# Focal Loss
Focal loss is amazing and severely underrated. It down-weights easy/confident samples and amplifies gradients of difficult samples.
$
F L\left(p_t\right)=-\alpha_t\left(1-p_t\right)^\gamma \log \left(p_t\right)
$
It introduces two hyperparameters:
**Alpha (α):** A static class-balancing weight, typically set inversely proportional to class frequency.
**Gamma (γ):** A dynamic focusing parameter that modulates each example's loss based on prediction confidence—higher γ more aggressively suppresses easy/well-classified examples while preserving the loss signal from hard/misclassified ones, regardless of their class.
|$p_t$|Difficulty|CE Loss|$(1-p_t)^2$|Focal Loss|Reduction|
|---|---|---|---|---|---|
|0.95|Very easy|0.051|0.0025|0.00013|~400×|
|0.9|Easy|0.105|0.01|0.00105|100×|
|0.7|Moderate|0.357|0.09|0.032|11×|
|0.5|Hard|0.693|0.25|0.173|4×|
|0.1|Very hard|2.303|0.81|1.865|1.2×|
Because of these two hyperparameters, it's particularly effective when the imbalance correlates with difficulty—which it often does.
The dynamic weighting mechanism can also be thought of as somewhat related to curriculum learning.
## Calibration and Overconfidence Regularization
Focal loss reduces the gradient contribution from examples where the model is already confident.
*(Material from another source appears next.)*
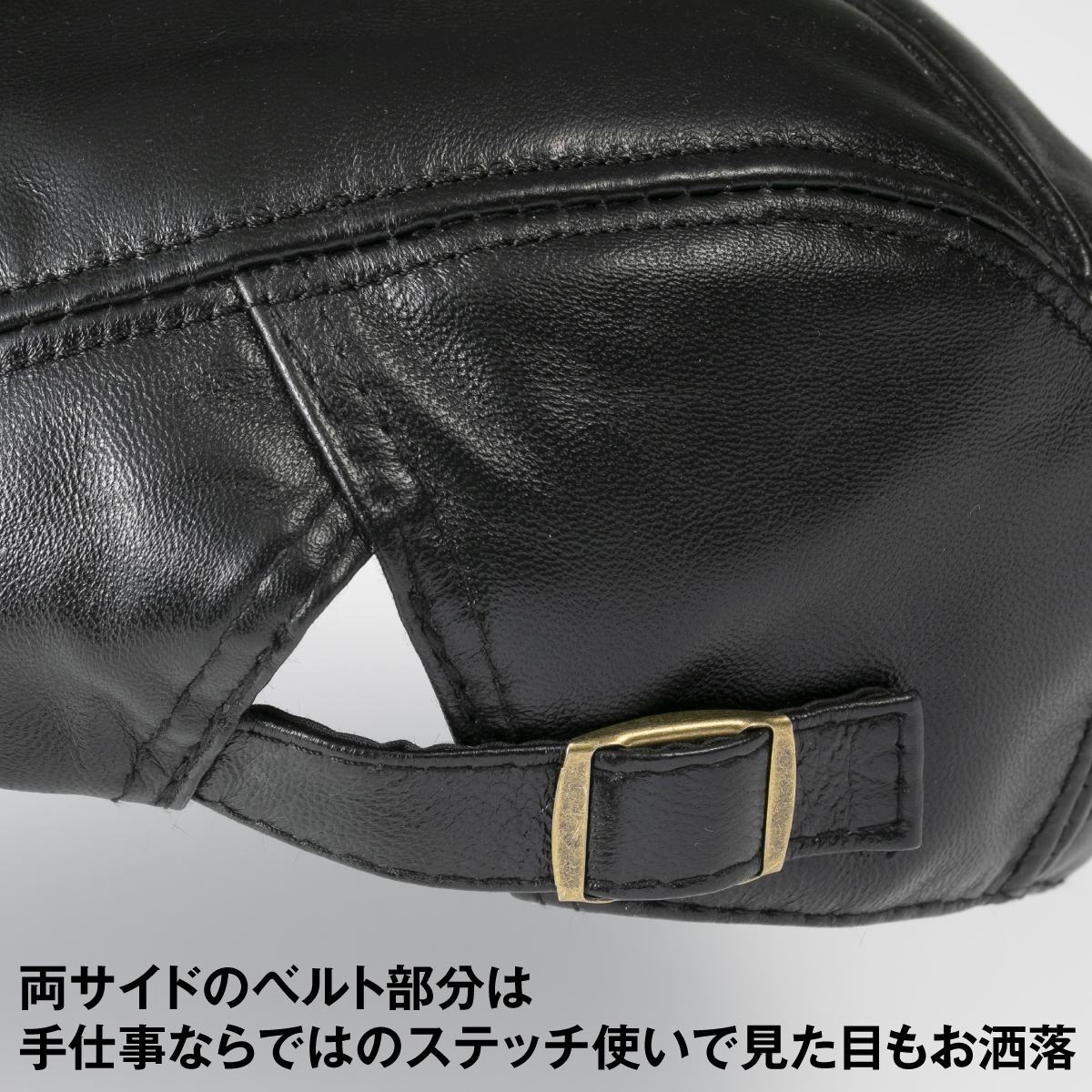 羊革ハンチング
This implicitly discourages the network from pushing logits to extremes just to squeeze out marginal loss improvements on easy examples-which is precisely what causes overconfidence. For example if a sample is difficult i.e. it is implicitly 0.8 instead of 1.0 (but the dataset will have it as 1.0 because of binary labels), CE will focus on matching these two probs and thus will push it to 1.0 to eek out more gains in loss.
Focal loss usually improves calibration over cross-entropy, but it's not guaranteed—it depends on the γ (gamma) parameter and the dataset. Research has shown value around 3 is best for regularizing against overconfidence, and it works best on imbalanced/noisy data.